A pharmacist sticks a piece of white tape on a medicine box. Coolly, he pens the price at which he will be selling the drugs.
The Drug Regulatory Authority of Pakistan (Drap) fixes the maximum retail price at which a medicine is allowed to sell officially. But there is nothing much stopping retailers from charging a higher price if market forces allow it, which they do.
Less compliant than their foreign counterparts, local companies find it easier to survive in Pakistan’s pharmaceutical sector while the multinational exodus has accelerated in recent years. Sanofi Aventis Pakistan limited has exited, selling its plant to local companies and Bayer is closing up shop as well, confirms Pharma Bureau Executive Director Ayesha Tammy Haq of the Overseas Investors Chamber of Commerce & Industry.
Regime changes and the spiralling economic crisis have not been kind to the sector.

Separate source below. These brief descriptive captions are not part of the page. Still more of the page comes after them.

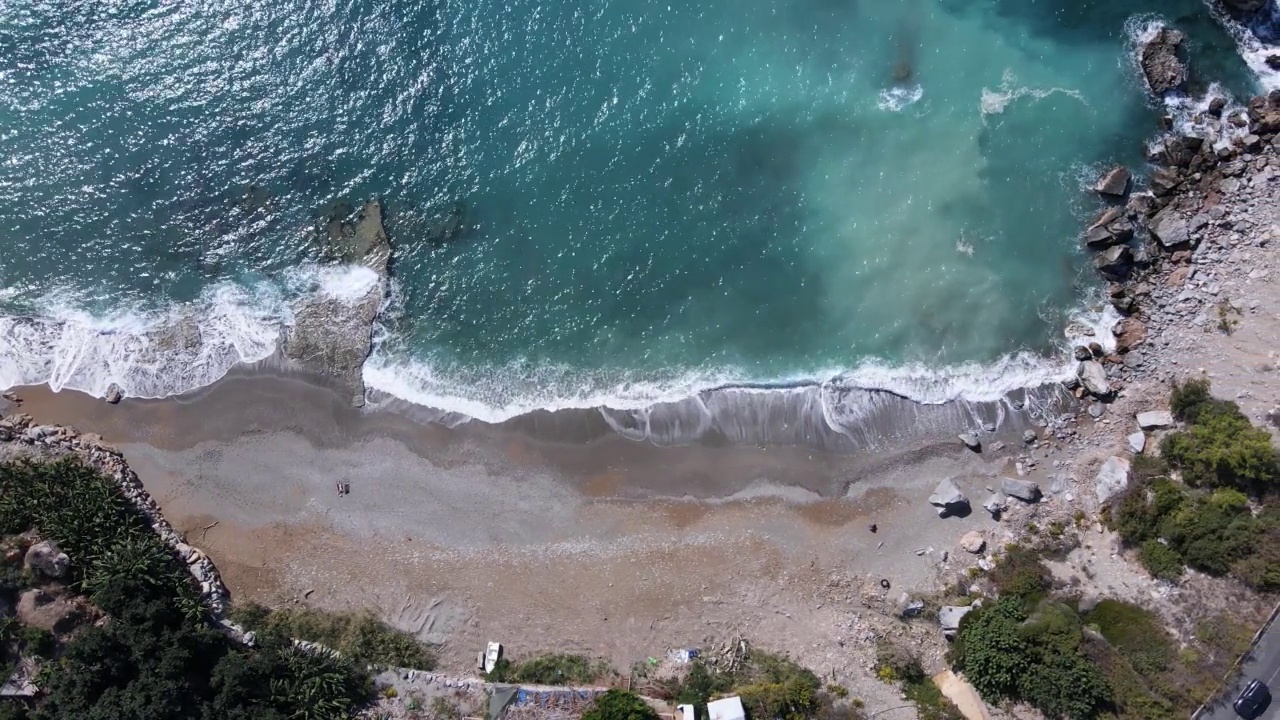 阳光明媚的地中海海岸在夏天的土耳其海岸视频素材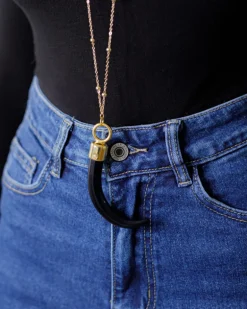 Collana lunga con corno pendente – ECI1924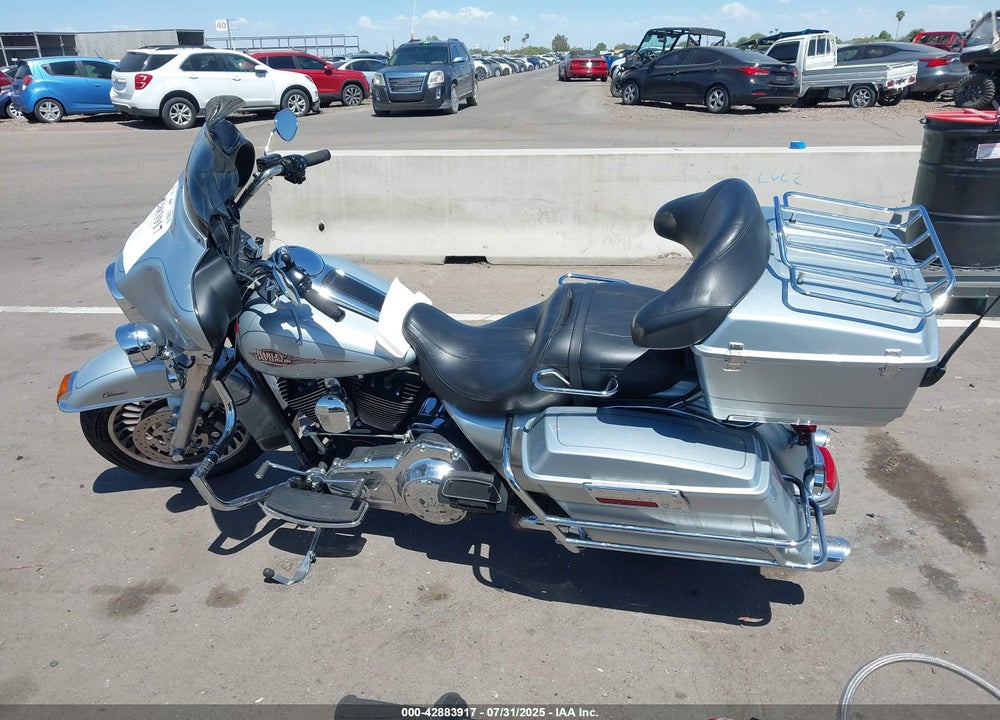 2011 HARLEY-DAVIDSON FLHTC VIN: 1HD1FF41XBB664000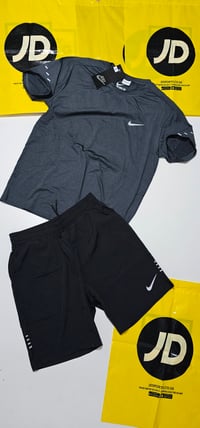 Image 2 of Mens Nk Sets 1;1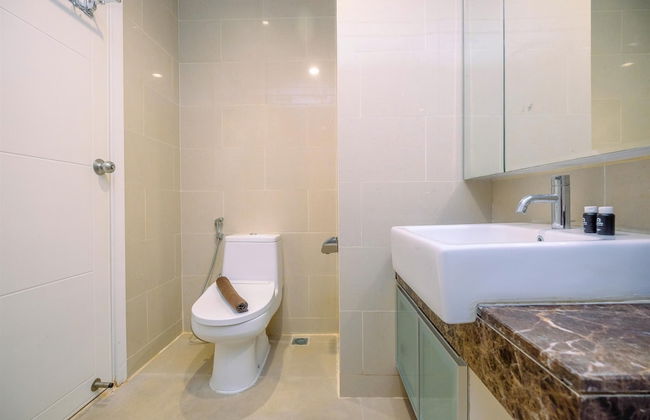 Luxury and Premium 2BR Apartment at Casa Grande Residence - Photo 18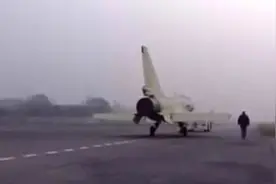 为歼-10付出一生心血！多想听您再说一句：生日快乐，孩子……图片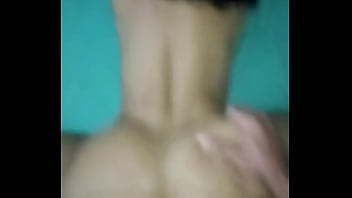 Babysitter levando pau sem dó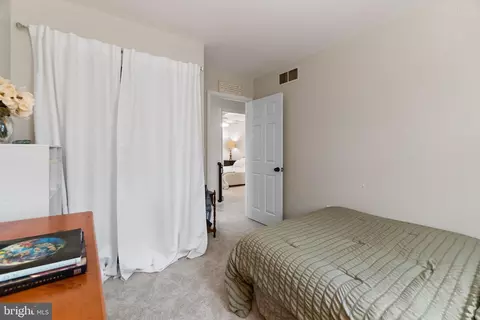 Bedroom - 413 Fairmount Dr, Edgewater, MD 21037 photo 3 of 8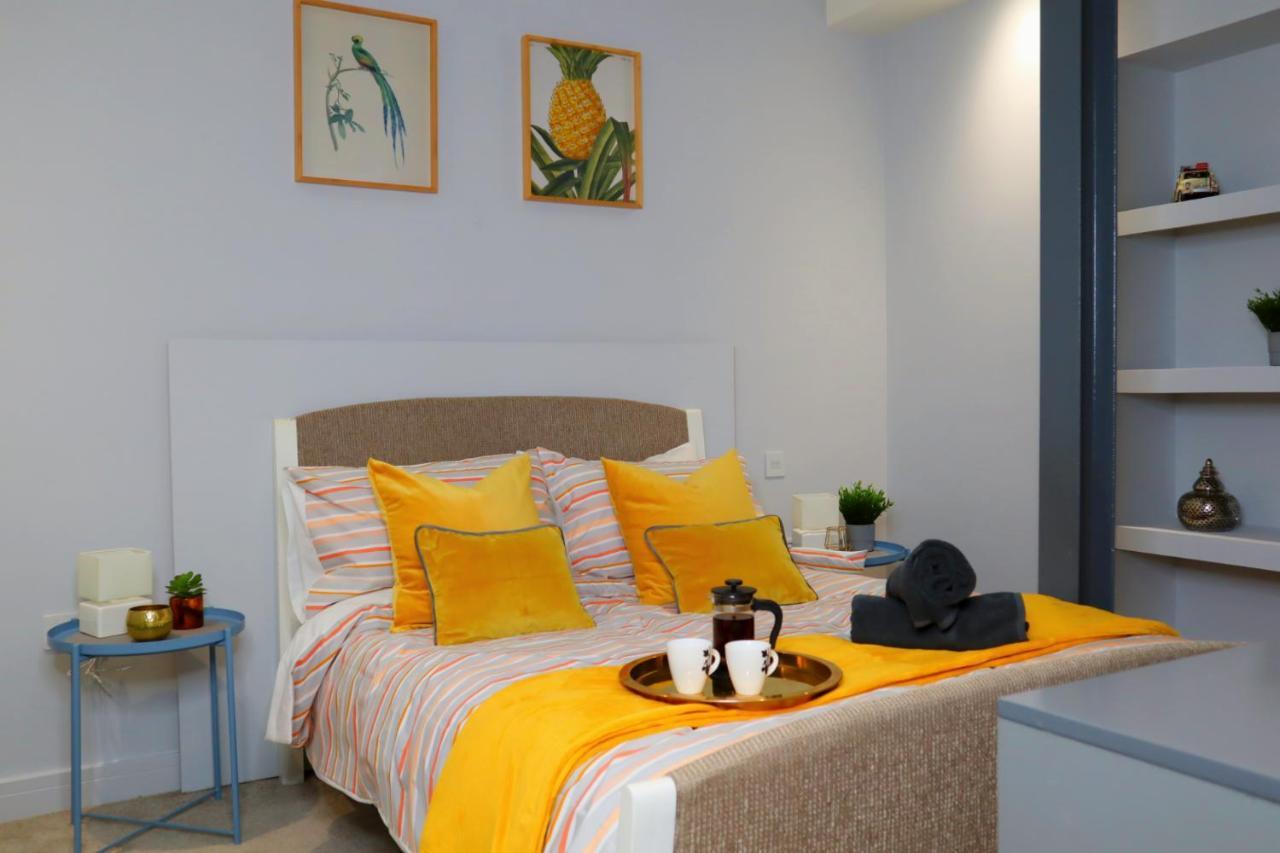 Trendy Urban Industrial Apartment - Great Location - Parking - Fast Wifi - Smart Tv - Beautiful 2 Double Bedroom Apartment Sleeps Up To 4! Bournemouth Kültér fotó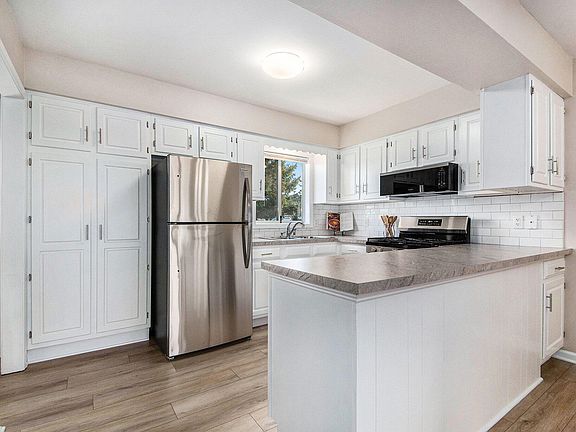 5th image of 5984 Leisure South Dr SE
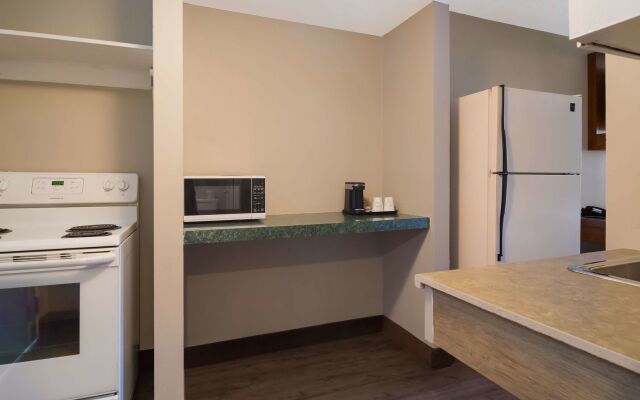 Canadas Best Value Inn & Suites Kamloops
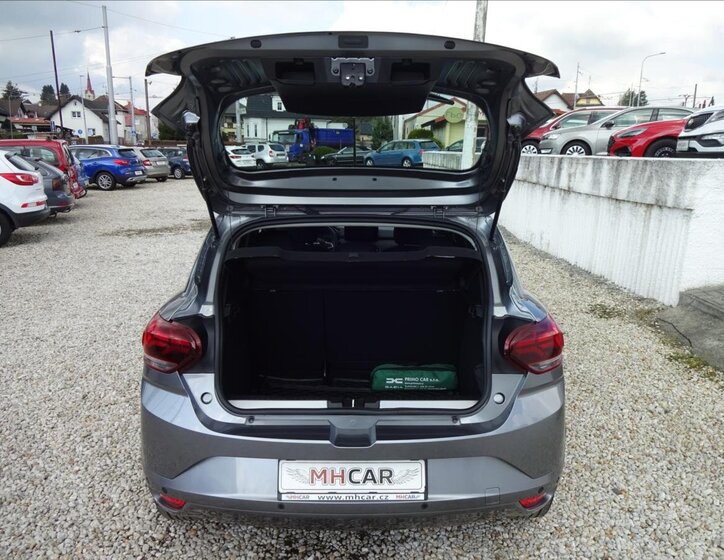 Dacia Sandero Hatchback 999,0 67 kw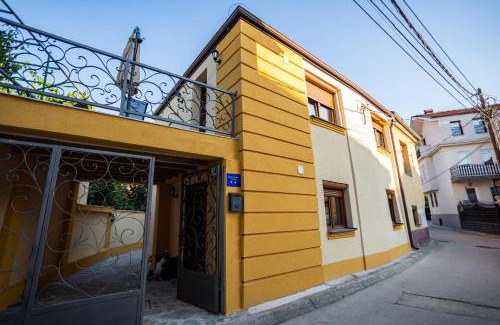 Bitola Apartamento | Clock Tower Apartments Bitola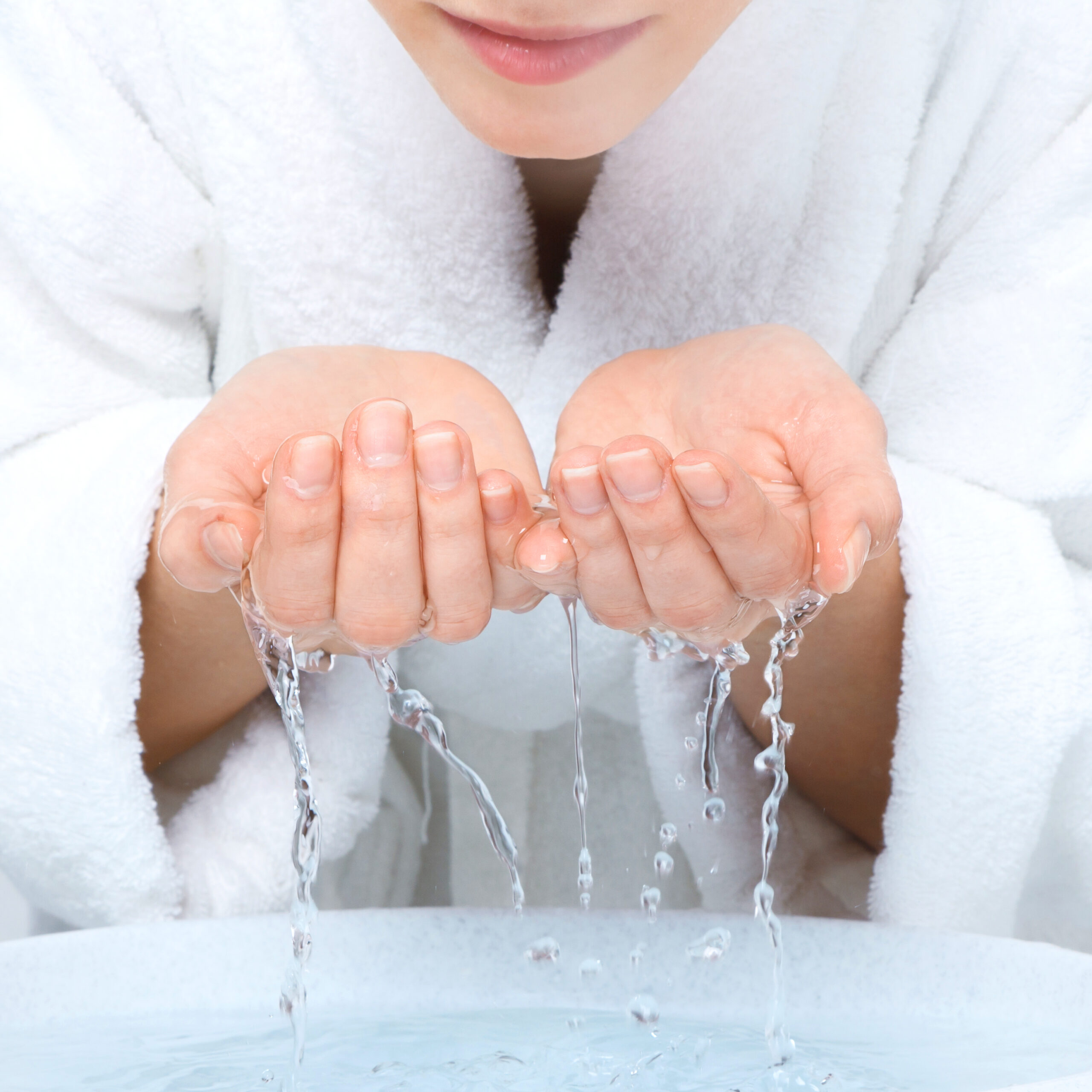 1|顔を冷水で洗う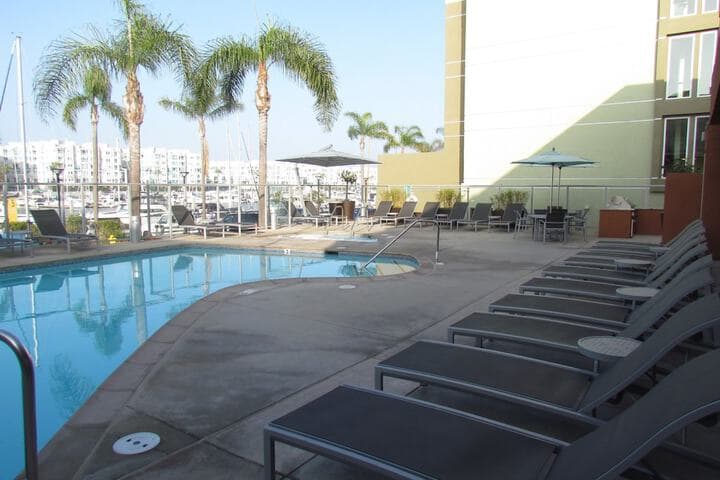 Apartment with Full Amenities Miracle Mile photo 3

As the economic crisis worsens along with regulatory challenges, multinationals find it expedient to close shop
Sales tax saga
“Sales tax has not been reduced, sales tax has been imposed,” says Ms Haq, clearing up a misconception. “Previously, the pharmaceutical industry was exempted from sales tax. In January this year, PTI imposed 17 per cent sales tax solely for documentation purposes that was to be refunded in its entirety.” Hitherto, pharma did not pay sales tax on active pharmaceutical ingredients (API) or other raw materials, only on packaging materials.
As expected, the money has not been refunded causing cash flow problems. The current government reduced the 17pc (refundable tax) to 1pc non-refundable tax, imposed at different stages. So the ‘reduction’ in sales tax was leading to an increase of 6-9pc in cost which could not be passed on to the final consumer because of Drap’s restrictions.
This, along with the 4x increase in shipping charges and the continual devaluation of the rupee skyrocketed the price of APIs and other materials, jacking up costs for an industry that cannot officially pass the increase on to the consumer.
Hence, the friendly neighbourhood pharmacist and his handy white tape to increase the price because his margins are being squeezed by the companies.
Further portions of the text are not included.